Feel the Burn

The hardest part of working out is getting started.  Usually, it’s finding the energy and resolve to get your butt to the gym and stick to a routine.  Sometimes it’s the self-induced pressure of finding just the right workout clothes to look good while sweating.  Today, it was getting past the visual distractions.  I have concluded the four letters at the YMCA need to be changed to M-I-L-F.  I mean, really!!  How is a guy supposed to get a workout in with so much lycra walking around?

But in all seriousness, the effort in working out is not the 30 minutes on the Precor or a couple of miles on the treadmill.  The biggest challenge is telling yourself to do it in the first place.  And it’s not an easy thing to do.  We hide behind excuses like time and to-do lists.  We tell ourselves that we deserve a break after a long day at work.  We find comfort in a sofa, a remote control and a box of double-stuff Oreos.

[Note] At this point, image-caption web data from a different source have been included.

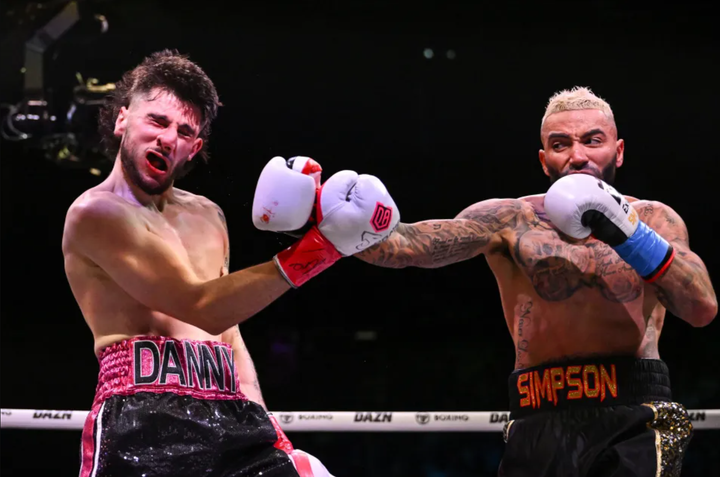 Mặt của Danny Aarons biến dạng sau đòn striking của Danny Simpson.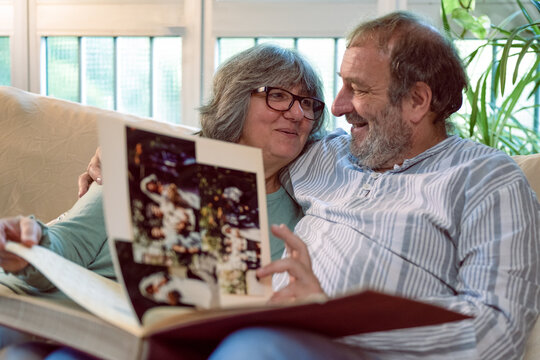 Elder couple reminiscing their past, happy seniors looking at their wedding book together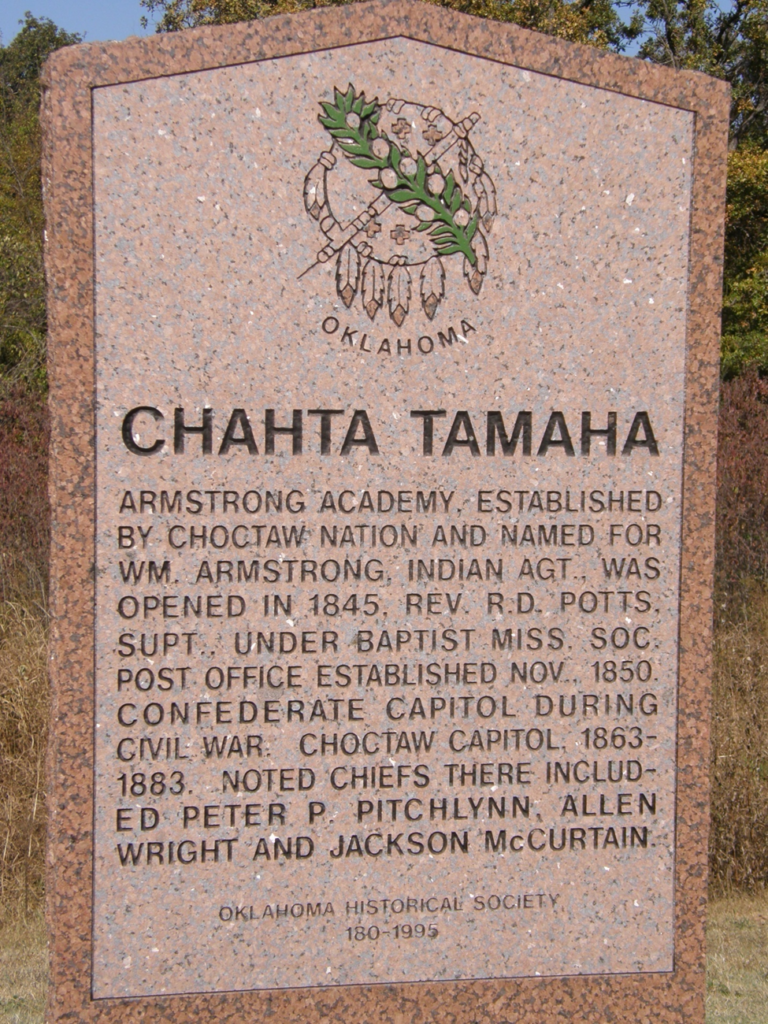 Image of Historical Marker labeled Chahta Tamaha. "Armstrong Academy, established by Choctaw Nation and named for Wm. Armstrong, Indian Agt., was opened in 1845. Rev. R.D. Potts, Supt., under Baptist Miss. Soc. Post Office established Nov. 1850. Confederate Capitol during Civil War. Choctaw Capitol, 1863-1883. Noted chiefs there included Peter P. Pitchlynn, Allen Wright, and Jackson McCurtain. Oklahoma Historical Society 180-1995.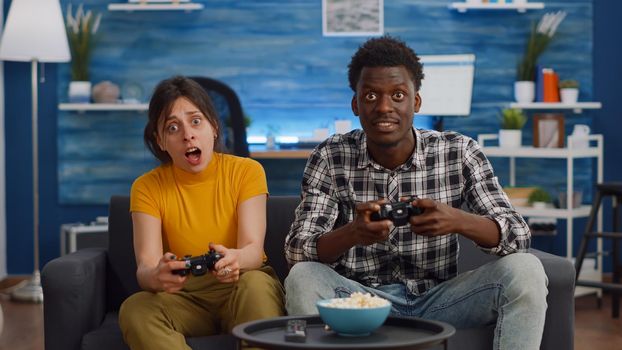 POV of interracial couple playing video game on console in living room. Young multi ethnic people highfive while winning at home. Mixed race partners enjoying fun activity on television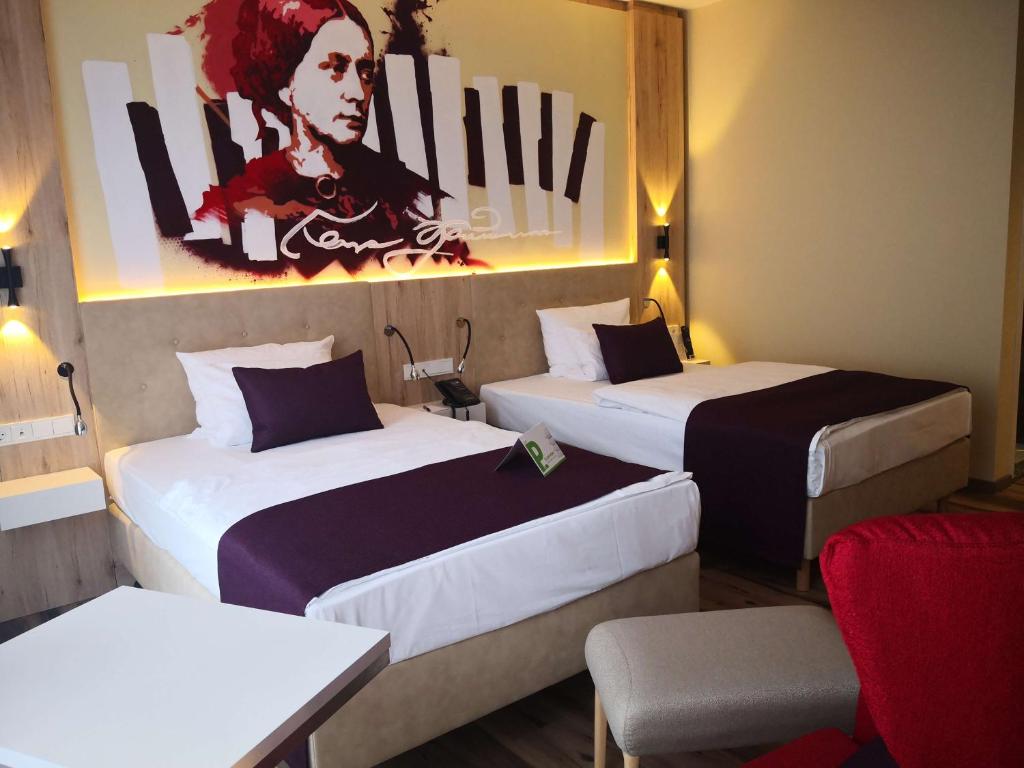 Postel nebo postele na pokoji v ubytování First Inn Hotel Zwickau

There are a million reasons we don’t work out, but there is only one reason we should.  That reason is ourselves.  Sure there are benefits to working out.  Health, looking and feeling good. Losing weight.  Those are all bonuses.  But the number one reason we should all pickup some sort of exercise regiment and stick to it is ourselves.  Our sense of worth and well being.  We should do it not because other people ask us or expect us to, but rather because it’s the right thing to do for ourselves as individuals.

And there are different strokes for different folks.  I am not saying every one has to run out and sign up at Lifestyles or Gold’s gym.  Walk your dog for 10 minutes in the morning and 10 minutes at night.  Do sit-ups while you watch TV.  The key is to do something.  The key is to change your state of mind and make a difference in your life for yourself.

As I hit the 17 minute mark on the Precor – and subsequently cried on the inside because I knew I had another 13 minutes to go – I got to thinking about a conversation I had today with my friend Sue.  We talked about how we both overcame personal and emotional adversity to get to the place in life where we both are now, and how the pains of yesterday keep fading further and further into the past.  We laughed at how our respective outlooks where both the same, and neither one of us thought we’d see proverbial sunshine again.

I am happy to say that we have both triumphed over the weights that once held us down, and there are several things in common at which we both point that allowed us to get to where we are today.  The first is faith.  With God, anything is possible.  The next is our friends.  In addition to ourselves, Sue and I share several friends in common, and individually we have those people in our lives to whom we turn when we’re feeling weak and vulnerable.  Further proof that no one in this world can truly live ‘alone’.

Finally, we both agreed that making a mental decision to let go of the pain and the past and accept the circumstances of our respective situations was the trifecta to being truly free.  It’s no different than making that decision to get up and work out.  It’s all about choice.  It’s all about what you allow yourself to think in your head.  And I know that if I can overcome what I thought was the worst moment in my life, working out is going to be a walk in the park!